Tuesday, July 10, 2012

July 10 - When I die, do this with my ashes/bones/body

It's hard to see a prompt like this and not think of Jack London's famous quote:

I would rather be ashes than dust!
I would rather that my spark should burn out

in a brilliant blaze than it should be stifled by dry-rot.

I would rather be a superb meteor, every atom

of me in magnificent glow, than a sleepy and permanent planet.

The function of man is to live, not to exist.

I shall not waste my days trying to prolong them.

I shall use my time.
But the characters I'm writing about were not reading Jack London.  Who know's if they would have even known of the possibility of cremation.  Chances are they assumed they would be buried on their land or at the Pleaston Hill Cemetary in Sebastopol (where the hold the amazing cemetary walk each year).  I started thinking about the last conversation my main character would have had with her husband as he lay dieing after the train accident.  Or, even considering if she had had that conversation, or maybe had just sewn together scraps of conversations in her mind.  Based on all of this I came up with this draft.  Any one out there still trying to write along?  If so, send me a note!  I'd love to hear from you.  And if you haven't been writing along, today is a good day to start!

When I Die, Bury Me Where the Fog Rests
I can’t remember where I was when he last spoke. Time was stained-glass shards glistening in the light. But fragments drift in memory like a low fog:

When I die I want my body buried here where we’ve worked so hard to build our place.


Were these words spoken over a campfire as we travel west under press of stars?

Or did he breathe them through swollen lips as his body lost its strands of life?


If I go first, bury me close to you and Joe.


And so we did. You can see the wind-washed fence that surrounds his grave from the stairs landing. Each wooden picket is covered in lichen. But I can still smell the turned earth of that day each time I step to it and kneel.


When I die bury me where the fog rests.


How I wished to follow his body into the grave. How only Joe’s tiny body clinging to mine kept me from letting go.


This is a hard life. Marry again. Don’t be alone.

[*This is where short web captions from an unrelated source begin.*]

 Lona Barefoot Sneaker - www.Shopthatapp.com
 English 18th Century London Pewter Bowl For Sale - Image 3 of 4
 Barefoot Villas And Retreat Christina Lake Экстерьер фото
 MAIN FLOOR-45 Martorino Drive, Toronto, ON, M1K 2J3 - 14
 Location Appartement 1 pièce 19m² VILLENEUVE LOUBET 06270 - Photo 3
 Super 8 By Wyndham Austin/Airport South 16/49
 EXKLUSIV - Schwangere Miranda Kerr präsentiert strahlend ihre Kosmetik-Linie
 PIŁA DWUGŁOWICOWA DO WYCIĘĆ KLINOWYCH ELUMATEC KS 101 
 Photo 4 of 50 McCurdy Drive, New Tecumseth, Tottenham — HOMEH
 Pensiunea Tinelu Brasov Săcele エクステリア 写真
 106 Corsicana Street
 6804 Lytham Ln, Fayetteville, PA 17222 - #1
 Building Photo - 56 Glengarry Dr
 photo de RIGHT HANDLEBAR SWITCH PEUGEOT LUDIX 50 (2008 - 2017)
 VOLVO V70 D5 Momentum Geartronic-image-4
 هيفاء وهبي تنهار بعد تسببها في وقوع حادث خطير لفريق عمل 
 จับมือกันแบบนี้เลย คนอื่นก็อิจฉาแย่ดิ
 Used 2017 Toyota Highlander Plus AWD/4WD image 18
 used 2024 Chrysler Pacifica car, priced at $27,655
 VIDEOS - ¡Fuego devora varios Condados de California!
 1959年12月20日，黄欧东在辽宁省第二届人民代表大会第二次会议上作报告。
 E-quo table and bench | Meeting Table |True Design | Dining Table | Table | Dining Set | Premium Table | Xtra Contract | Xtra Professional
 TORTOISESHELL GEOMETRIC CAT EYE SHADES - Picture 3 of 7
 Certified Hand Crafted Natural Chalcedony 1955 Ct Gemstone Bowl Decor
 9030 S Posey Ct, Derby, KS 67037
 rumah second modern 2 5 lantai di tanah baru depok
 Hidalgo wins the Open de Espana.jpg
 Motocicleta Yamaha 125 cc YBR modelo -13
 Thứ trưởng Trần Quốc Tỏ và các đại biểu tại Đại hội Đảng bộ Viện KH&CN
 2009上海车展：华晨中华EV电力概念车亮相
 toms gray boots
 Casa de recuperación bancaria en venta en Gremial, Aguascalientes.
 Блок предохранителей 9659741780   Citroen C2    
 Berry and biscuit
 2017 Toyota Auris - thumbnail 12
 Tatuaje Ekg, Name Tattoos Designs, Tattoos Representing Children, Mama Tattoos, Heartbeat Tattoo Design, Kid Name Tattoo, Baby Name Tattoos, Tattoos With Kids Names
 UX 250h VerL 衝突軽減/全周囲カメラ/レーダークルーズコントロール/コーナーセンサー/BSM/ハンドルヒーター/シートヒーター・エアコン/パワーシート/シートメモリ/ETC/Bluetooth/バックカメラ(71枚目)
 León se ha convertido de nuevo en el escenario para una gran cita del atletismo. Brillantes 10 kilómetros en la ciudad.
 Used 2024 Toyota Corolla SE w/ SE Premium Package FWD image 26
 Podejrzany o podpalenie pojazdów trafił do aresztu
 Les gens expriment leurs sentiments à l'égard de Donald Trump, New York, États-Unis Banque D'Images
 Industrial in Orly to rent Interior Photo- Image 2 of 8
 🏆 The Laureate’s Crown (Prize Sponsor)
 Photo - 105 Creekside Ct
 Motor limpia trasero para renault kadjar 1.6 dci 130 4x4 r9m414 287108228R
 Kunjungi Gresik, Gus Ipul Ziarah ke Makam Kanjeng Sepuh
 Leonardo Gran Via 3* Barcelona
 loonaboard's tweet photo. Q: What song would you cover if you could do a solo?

Had he known when he spoke these words how impossible they would be? Seasons soar past. The bare trees burst into blossoms, green out and then fruit. The plentiful harvest. Then bare again and again.


When I die I want my body buried here where we’ve worked so hard to build our place.


I still walk each row wearing his old work boots, my arms sinewy with sun and work.  My heart gone stained glass, but mended.  The way an apple graph takes - one branch grows into the other and carries on.